Von AIR TUERKIS | Gestern war in Berlin die Hölle los: 1000e demonstrierten gegen den türkischen Angriff auf Afrin, im kurdischen Nordsyrien. Auch das Treffen der LJB-Berlin kam an ihnen nicht vorbei. Wir verfolgten die Demo also und versuchten herauszufinden, wie stark man als Liberale die kurdische Bewegung in Deutschland unterstützen kann. Für die Freiheit des kurdischen Volkes sind wir allemal, doch inwiefern kann man auch die Demos unterstützen?

Als erstes begannen wir die Symbolik der Demonstranten zu analysieren. Es gab Plakate und Sprüche gegen Erdogan und die deutschen Waffenlieferungen in die Türkei („Deutsche Panzer raus aus Kurdistan!“) und ansonsten vorallem ein Meer aus Flaggen. Neben den 2 verschiedenen kurdischen Nationalflaggen waren sehr häufig die grün-gelben Dreieckswimpel der kurdischen Selbstverteidigungseinheiten YPG und YPJ zu sehen. Sie gehören offiziell der PKK an und haben den kommunistischen Stern auf ihrem Banner, werden aber im Westen nicht als Terroroganisation geführt und sind im Gegenteil sogar Bündnispartner der USA. Wieviel Sozialismus hier tatsächlich drin steckt, bleibt fraglich: In erster Linie führt man Krieg gegen IS und die Türkei.

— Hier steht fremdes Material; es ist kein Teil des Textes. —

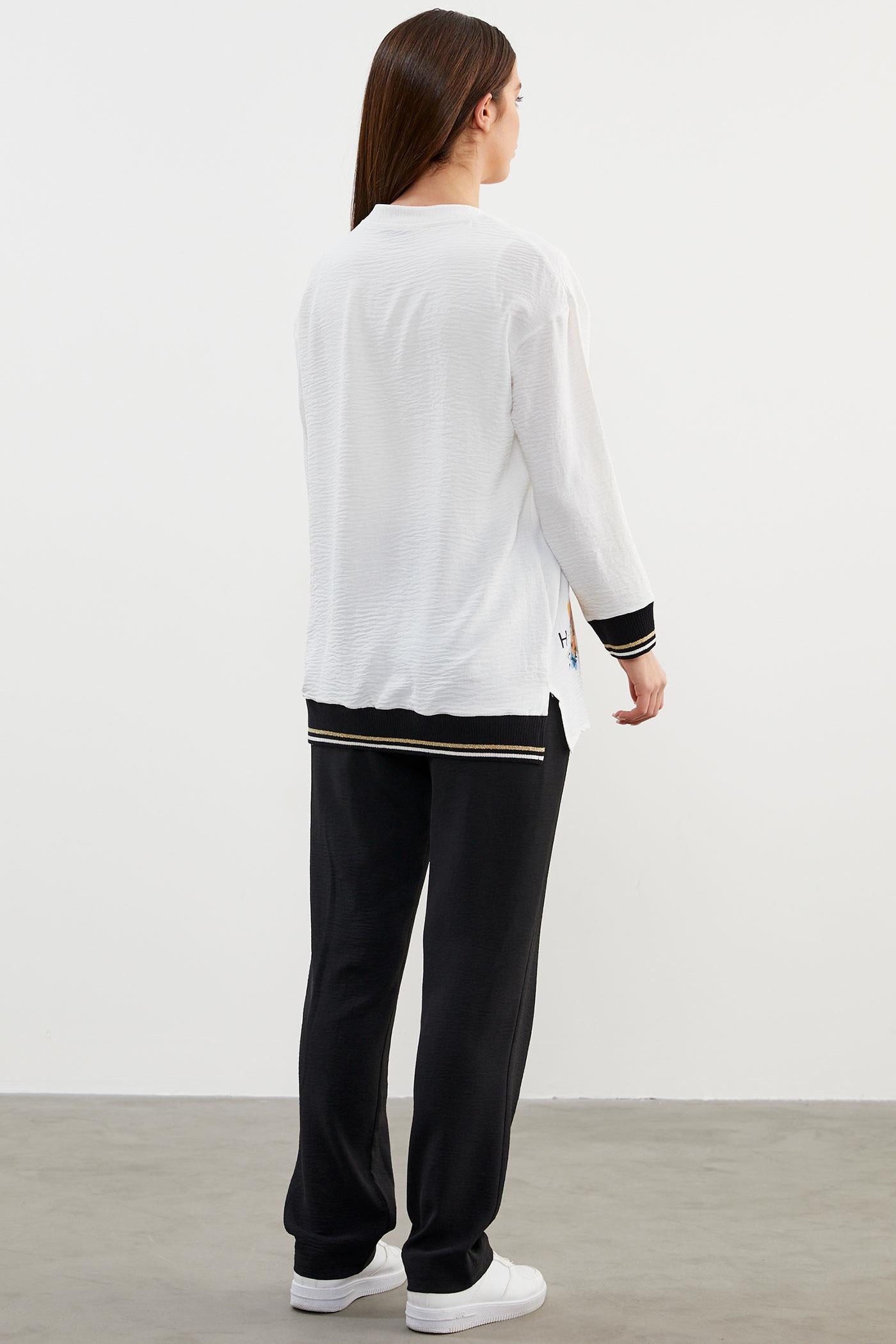 Geniş Beden Baskı Detaylı Krep Takım - Siyah (6) Sementa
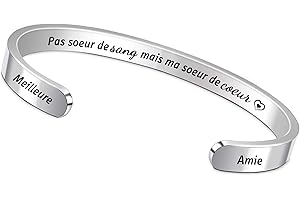 FCZIVA Bracelets Manchettes Citation Gravé Motivationnel Réglable Femmes Hommes Ami Anniversaire Cadeaux Fils Fille Inspirante Bijoux Frère Soeur Graduation Noël Femme Mari Couples Saint-Valentin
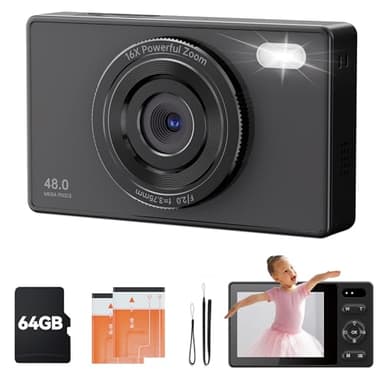 Camara de Fotos Digital con Tarjeta 64GB: 48MP Camara Compacta 16X Zoom 1080P Videocamara Enfoque AutomáTico Vlog Camera Rosa con 2 BateríAs para Principiantes NiñOs Adultos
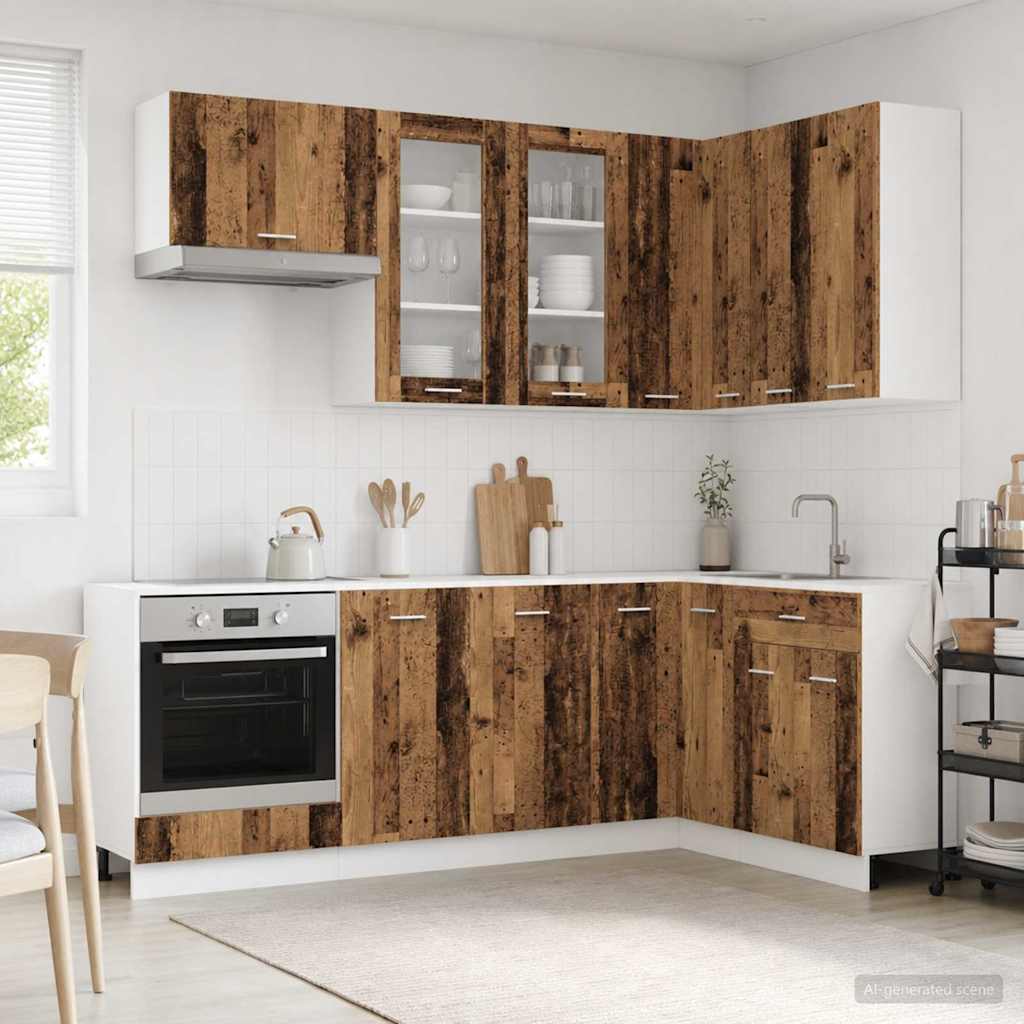 Keittiö Yksikkö LYON 8 pcs Vanha puu Tekninen puu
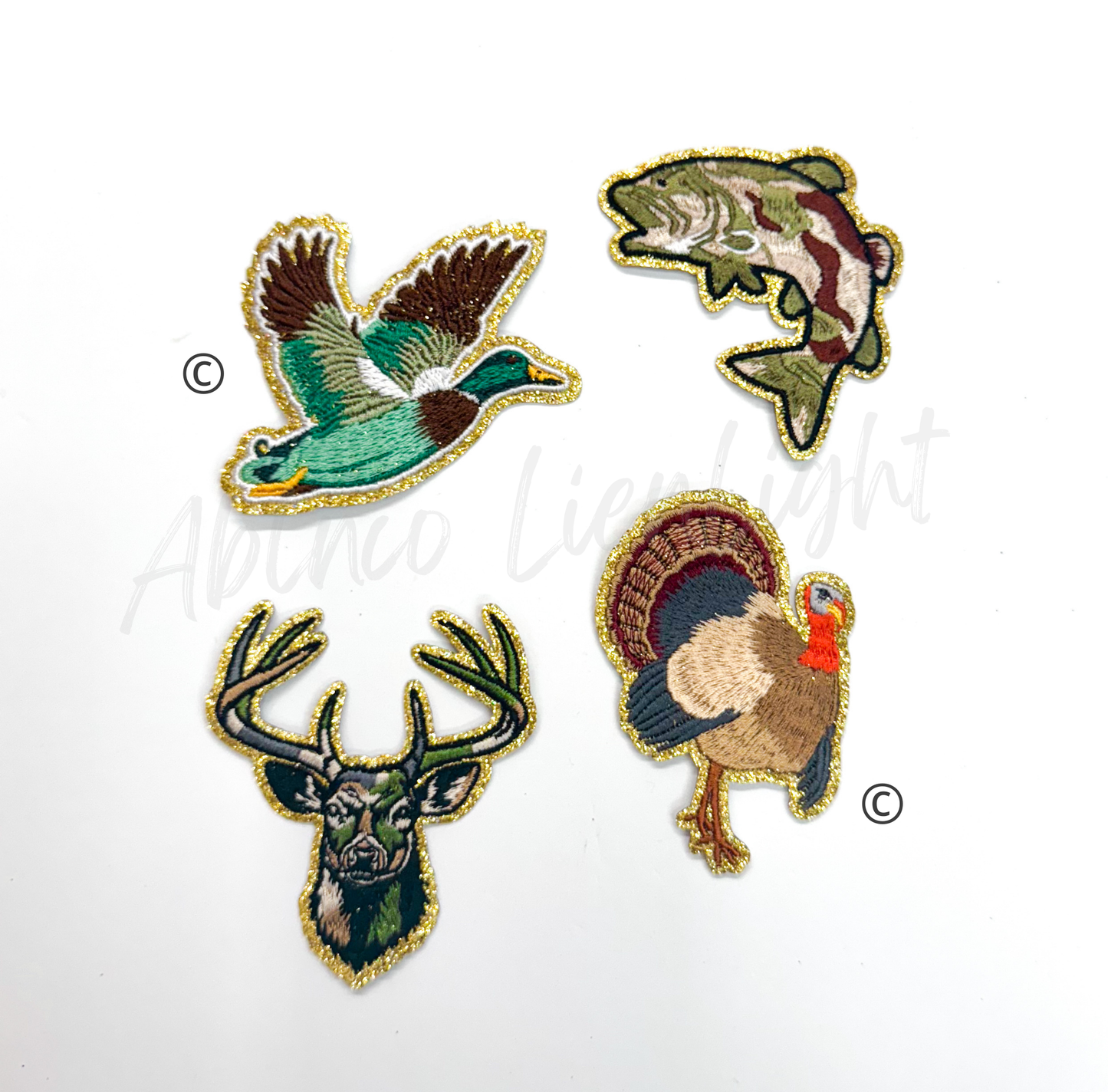 Camo Fish Hunting Embroidery Patch - Small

Wir umkreisten die noch-stehende Demo dann und sahen unter anderem Sticker mit der Aufschrift „PKK? Na klar!“, was uns etwas ins Zweifeln brachte. Dann entdeckten wir den Wagen der MLPD, um den sich auch Palästina-Flaggen angesammelt hatten. Von diesem Wagen hieß es von einer schrillen Frauenstimme: „PKK-Flaggen sind heute leider verboten“ (Buh-Rufe).

Nachdem Sprechchöre mit „Hoch die internationale Solidarität“  erklangen, kam es uns langsam die Galle hoch. Immer mehr entdeckten wir Flaggen der AntiFa, die unter anderem auch „Deutschland, du Hund!“ propagierte. Als diese jungen Deutschen in schwarzen Klamotten begannen, das PKK-Verbot zu kritiseren und Öcalan (PKK-Gründer) als Helden zu betiteln, bewegte sich die Demo in Richtung Zwangsauflösung, und unsere Laune war im Keller. Wir blieben also stehen und ließen die Demo an uns vorbei ziehen. Bis sich das Klientel der Demonstranten, je weiter wir an das Ende der Demo kamen, wandelte. Nun kamen die Kurden selbst. Hier gab es keine AntiFa-Flaggen mehr. Und als wir dann noch Israel-Flaggen zu Gesicht bekamen, wurde unser Interesse wieder geweckt. Wir gingen also weiter mit dem Zug mit und erlebten, wie Kurden den Trägern von Israelflaggen auf die Schulter klopften.

In einer Demo waren also Palästina- und Israelflaggen, waren deutsche Linksradikale und kurdische eher bürgerlich-Orientierte zu sehen. Ein Widerspruch in sich, genau wie die unzähligen türkischen Brigaden im nahen Osten. Einerseits schreibt man sich den Sozialismus auf die Fahne, andererseits setzt man diesen kaum durch – die kurdischen Gebiete sind ja durchaus relativ westlich.

Die kurdische Bewegung wird auf jeden Fall sehr stark von der westlichen Linken versucht zu vereinnahmen. Es waren Deutsche, die die harten Töne anspielten und es war die MLPD, die die kurdische Bewegung stets an die Seite der Free-Palestine-Bewegung zu drängen versuchte. Doch einem vernünftigen Kurden sollte klar sein: Die Palästinenser sind genau die, die mit den Unterdrückern des kurdischen Volkes unter einer Decke stecken. Eine kurdisch-israelische Allianz ist logisch und das scheint vielen Kurden auch klar zu sein.

Um auf meine Eingangsfrage zurückzukehren: Die Bewegung ist gespalten! In Kopftuchträgerinnen und bewusst westliche Frauen, in Sozialisten und Bürgerliche, in Antiozionisten und Israelsolidarische. Besonders wir Deutschen sind Schuld, dass die Bewegung in die falsche Ecke gedrängt wird. Doch die YPG und die Peschmerga würden niemals reinen Gewissens an der Seite der Steineschmeißer stehen!